----- Material for this task -----
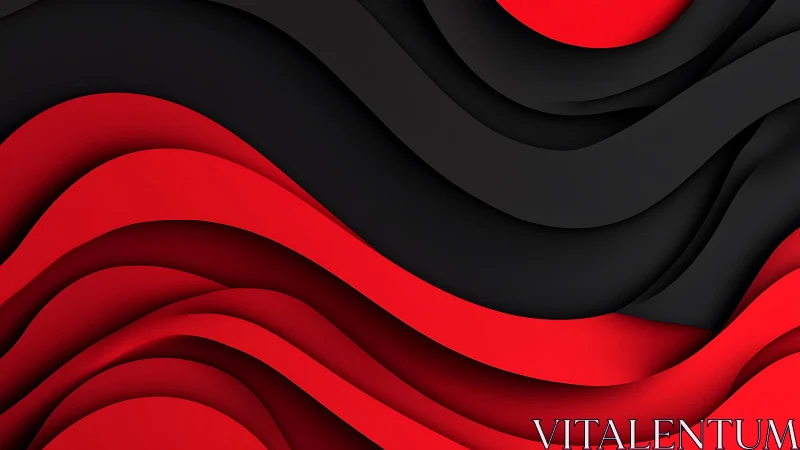 Bold Red and Black Abstract 3D Paper Cut Waves Background.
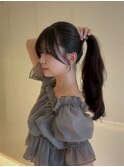 顔周りレイヤーカット/くびれヘア/夏のヘアアレンジ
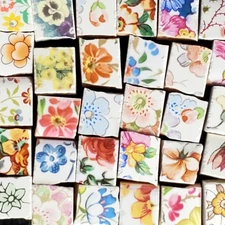 Colorful Floral Mosaic Tile Lot, Bulk Ceramic Flower Tiles for Crafts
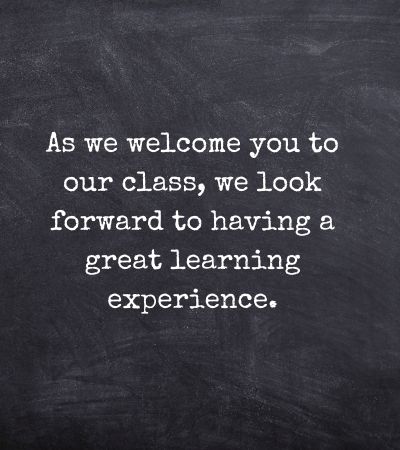 Welcome Message for New Class Teacher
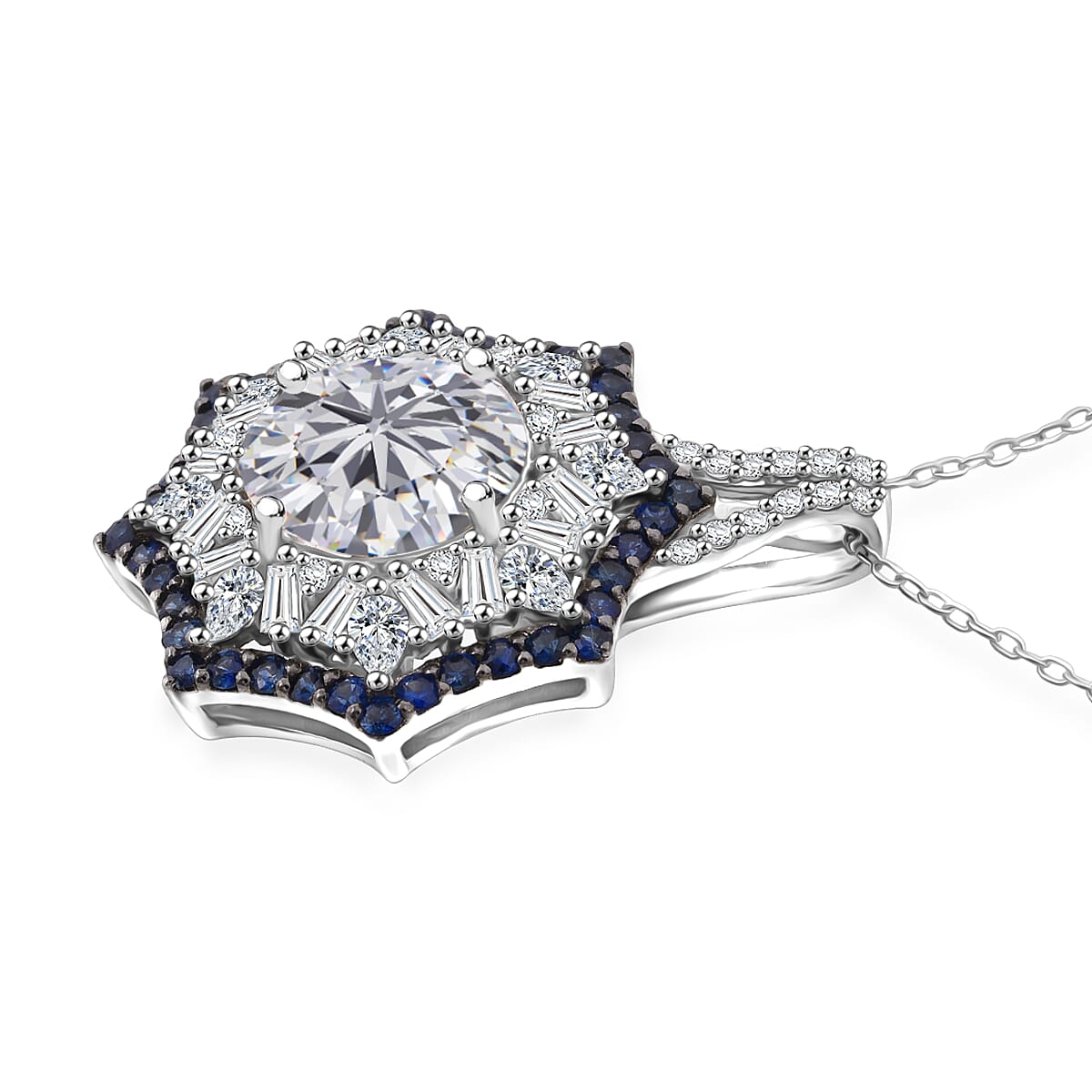 Moissanite & Ceylon Blue Sapphire - Product card gallery slide 4 (9432784601343)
-----
Retype all entries above verbatim; no pictures belong in the copy.

Answer space
 Bold Red and Black Abstract 3D Paper Cut Waves Background.
 顔周りレイヤーカット/くびれヘア/夏のヘアアレンジ
 Colorful Floral Mosaic Tile Lot, Bulk Ceramic Flower Tiles for Crafts
 Welcome Message for New Class Teacher
 Moissanite & Ceylon Blue Sapphire - Product card gallery slide 4 (9432784601343)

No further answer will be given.